Un peu des deux, mais plutôt la deuxième en fait. C'est ce truc sans limitation que je recherche, et quand je pense projet ou oeuvre globale, je vois deux interprétations différentes. Il y a d'un côté Wagner, Matthew Barney, tous ces gens dont le but est de créer un nouveau point d'ancrage des lois cosmiques ou de remplir un espace laissé vacant par l'Histoire ou la religion. C'est la version la plus romantique. Et elle me parle, parce que j'ai développé, avec Liturgy, une mythologie qui mêle psychanalyse, mysticisme chrétien et des choses comme la Kabbale, dont on a utilisé le vocabulaire pour certaines chansons.

Après, il existe une autre forme d'oeuvre globale, qu'on trouve chez des artistes comme Fluxus, qui cherchent davantage à court-circuiter les préconceptions idéologiques. Et ça aussi, c'est quelque chose qui m'interpelle. Du coup, je réfléchis à ces deux interprétations. Mais tout reste possible, tout reste ouvert.

Photo : Kevin Shea Adams

Tu disais tout à l'heure que le fait que Liturgy provoque des réactions, c'est quelque chose qui a une influence directe sur toi, en tant qu'artiste ?
Eh bien, c'est compliqué. Par exemple, j'ai fait un fanzine à partir des centaines de commentaires qu'a généré cette fameuse interview que j'avais donnée, où les gens disaient des trucs vraiment blessants… J'ai imprimé un fanzine de tout ça et je l'ai distribué à des amis pour en tirer une sorte de réconfort. C'est un phénomène qui m'intéresse et je ne cherche pas simplement à me calfeutrer ou à l'éviter, mais encore une fois, je n'ai pas d'idées précises sur ce que je fais, alors c'est d'autant plus douloureux de recevoir des retours négatifs, et c'est décourageant aussi.
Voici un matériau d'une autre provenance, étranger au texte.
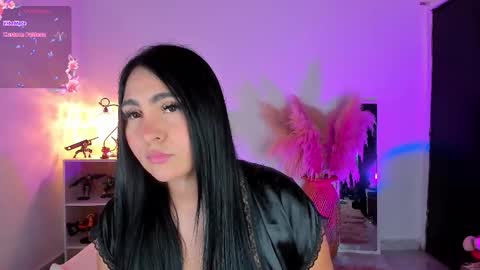 Snapshot of sarah_bali chatting on February 19, 8:10 pm Sarah Valkiria IG Sar lanister online show from February 19, 8:10 pm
Liturgy n'a pas sorti de disque depuis longemps, et c'est en partie parce que je trouvais ça intimidant d'enregistrer à nouveau, énormément de gens étaient critiques envers nous. C'était paralysant. J'ai une relation très franche et personnelle avec ce genre de situations, mais j'essaie aussi de prendre du recul et d'y réfléchir d'une façon abstraite et artistique, c'est tout simplement une manière différente d'aborder les choses. The Ark Work sort le 24 mars sur Thrill Jockey.